We understand this building as a place that will resist being forgotten, remaining in the retinas of their users, and therefore a place where the sensitive realm has to be controlled. Parameters such as sound, temperature, light, humidity, lighting, privacy, relationship with nature become very important.
The plot is situated on the outskirts of town, at the end of a cul-de-sac, close to the municipal sports centre and behind a cultural centre, both with great activity. This creates certain urban tension, since the building is in the middle of various incompatible activities. In this situation we proposed to arrange the ensemble generating a vegetation mattress with enough identity to establish itself as the 'centre' of all these public buildings and activities. We have created a forest of 29 Japanese maples, able to articulate, differentiate and limit the variety of uses. A forest where the new building can be apart of all the other activities.
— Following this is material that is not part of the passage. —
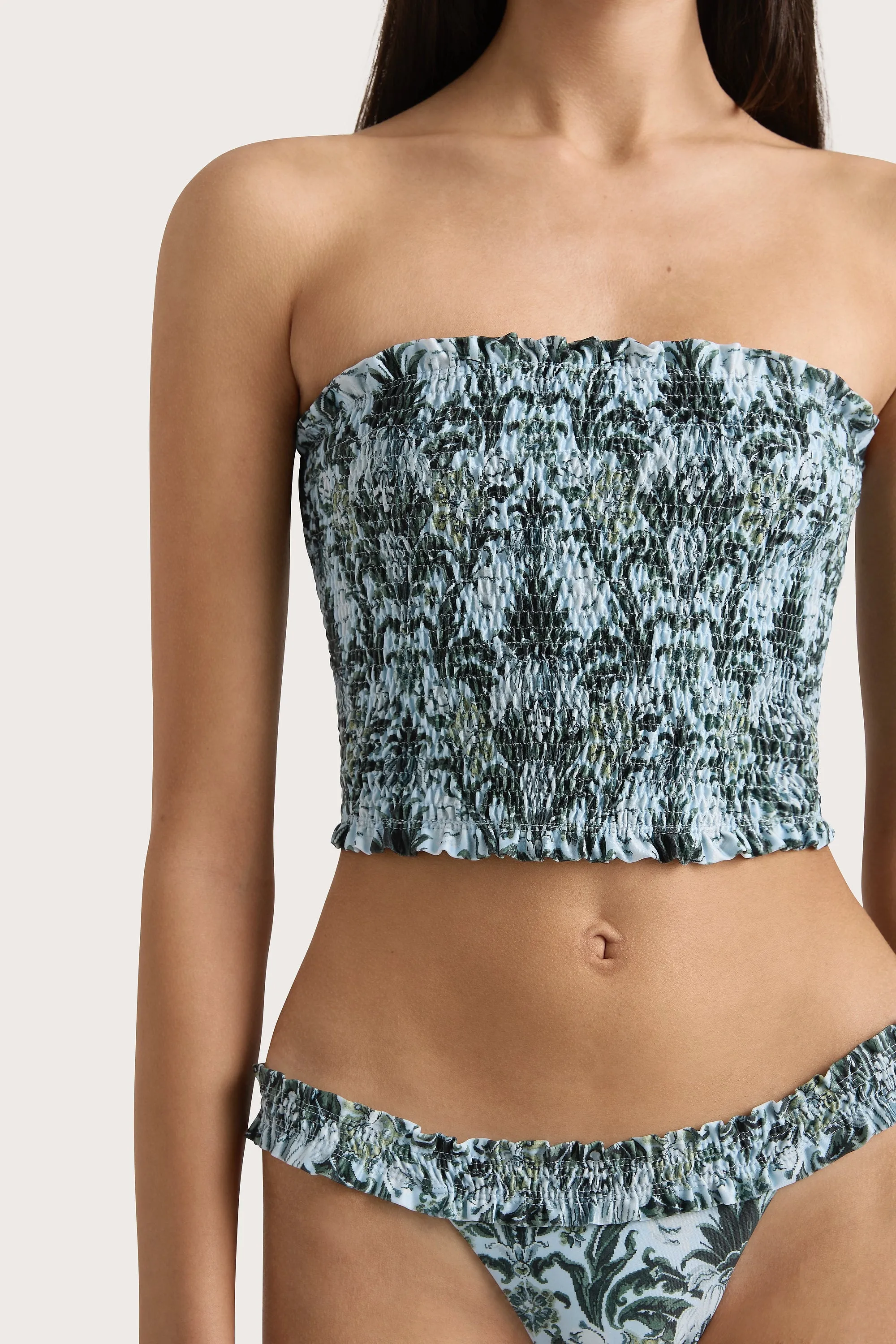 Elisa Bikini Top Aurora - Final Sale sold by Faithfull the Brand product image thumbnail 2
Additionally, the back of the building is buried and, as if it was a cave, its main facade emerges from the fields forward. The vegetal roofs composed exactly the same as its surroundings emphasize this and prevent glances from the adjacent sports facilities used daily by school children for several activities. It is for this reason that the building is arranged around six hollows formed as courtyards or 'bitten spaces', they allow a controlled relationship with the exterior avoiding interaction. From the interior rooms you are only able to see the sky and the inside. And this interior-exterior permeability becomes very important in this new town site.
A public building in a crisis country. We shouldn't forget the effort that this building means for its citizens: the project has 495 square meters and a budget of 431,583€, this situation forced us to finding material solutions and building techniques, systems of maintenance that reduce that effort. Not forgetting, maximum degree of ecological adaptation and sustainability at the landscape level. This is an intervention that gives more for less.